Among the drivers of this new approach to packaging are changes to the ‘Good Manufacturing Practice Guide for Active Pharmaceutical Ingredients and the recommendations of the International Conference on Harmonisation of Technical Requirements for Registration of Pharmaceuticals for Human Use’ (ICH).

"The GMP is being modernised and regulators’ expectations are changing in terms of ICH requirements and risk management. The goal is to identify the risk early on in the manufacturing process. Coupled with the development of new delivery devices and novel therapies, there is a growing need to look at the packaging aspect early on. Packaging products must work well with the medicines," Paskiet adds.

Elastomeric packaging products also have to be assessed in line with GDP [good distribution practice], which is essential to the quality of drug products It aims to ensure that products are consistently stored, transported and handled under suitable conditions as required by the marketing authorisation or product specification.

"Companies have to look far beyond the development of a drug," says Paskiet. "Each innovation faces unique challenges, but all innovations face the same high quality expectations.

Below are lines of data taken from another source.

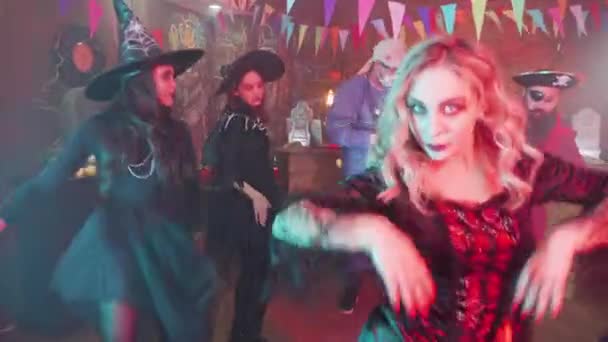 Enchantress in zwarte sensuele outfit dansen met haar enge vrienden op een Halloween feest — Stockvideo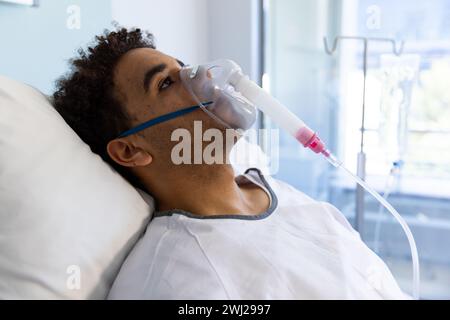 Birassischer männlicher Patient mit Sauerstoffmaske im Bett im sonnigen Krankenhauszimmer Stockfoto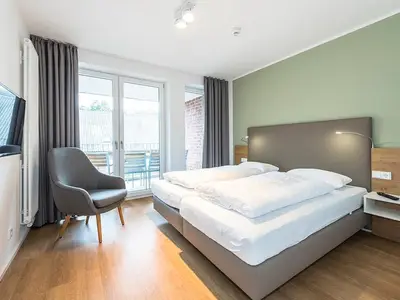 Schlafzimmer mit Doppelbett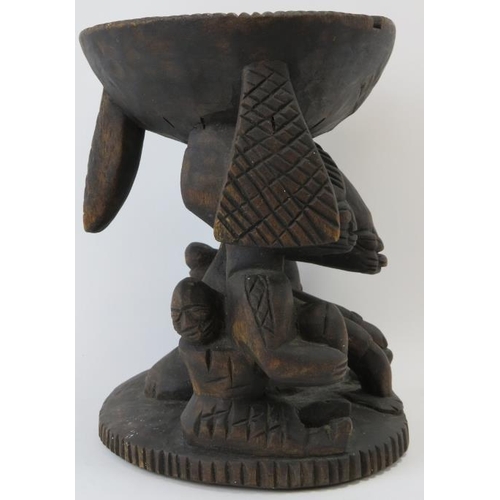 261 - Tribal Art: A Kola nut carved wood offering stand, Yoruba Tribe. Carved depicting three figures supp... 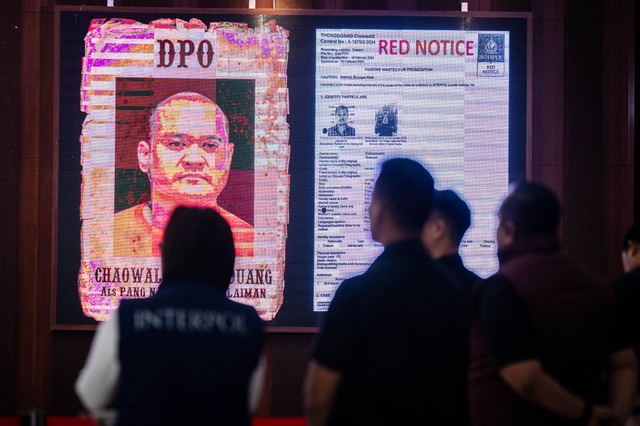 Seorang polisi berada didekat layar yang menampilkan gambar buronan Interpol Thailand Chaowalit Thongduang saat konferensi pers penangkapan buronan Interpol Thailand di Gedung Bareskrim Polri, Jakarta, Minggu (2/6/2024). Foto: Bayu Pratama S/ANTARA FOTO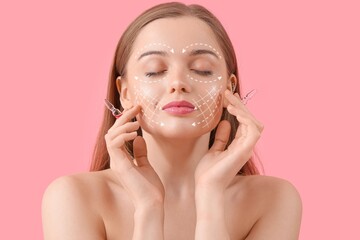 Beautiful young woman with ampules on pink background. Skin care concept
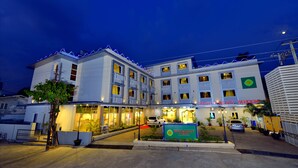 A multi-story hotel with a prominent sign reading "HOTEL IN VALLEY YANGON". - Hotel H Valley Yangon (Yangon)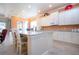 Kitchen island with seating and granite countertops at 1847 Pacific Dunes Dr, Sun City Center, FL 33573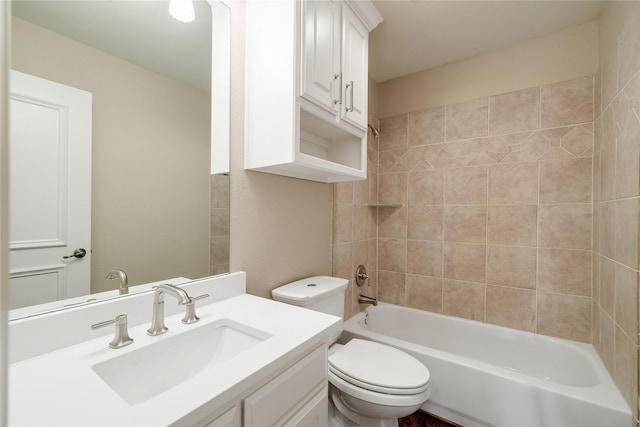 full bathroom with vanity, toilet, and tiled shower / bath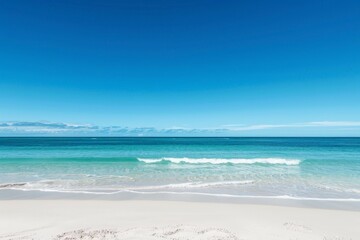 Fototapeta na wymiar A panoramic view of a coastal paradise with a white sandy beach and clear blue skies.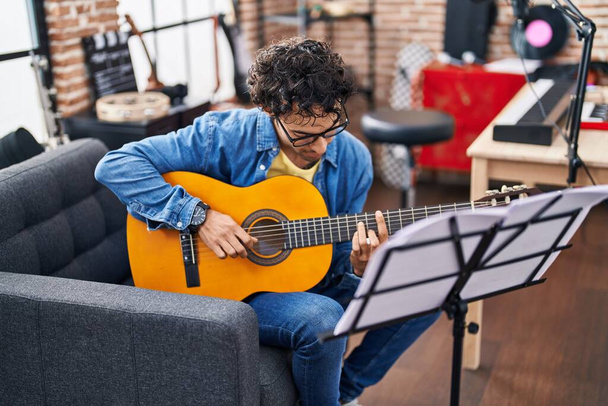 Giovane musicista ispanico che suona la chitarra classica allo studio di musica - Foto, immagini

We need a science-based approach to mitigating risk and this must include packaging as part of the target profile. Risk assessments feed into the design of packaging components, as we have seen with the supply of sterile and ready-to-use components that mitigate risks and share responsibility with drug manufacturers."

She concludes: "Companies need to get meaningful data to identify critical control points and to ensure quality. So, rubber should be looked at in light of the broader processes for product quality. It is important to encompass the input of all stakeholders – including patients – in identifying risks and to work closely with packaging suppliers. It is all about patient safety and the delivery of quality medicine. That is the common goal and the benchmark for success."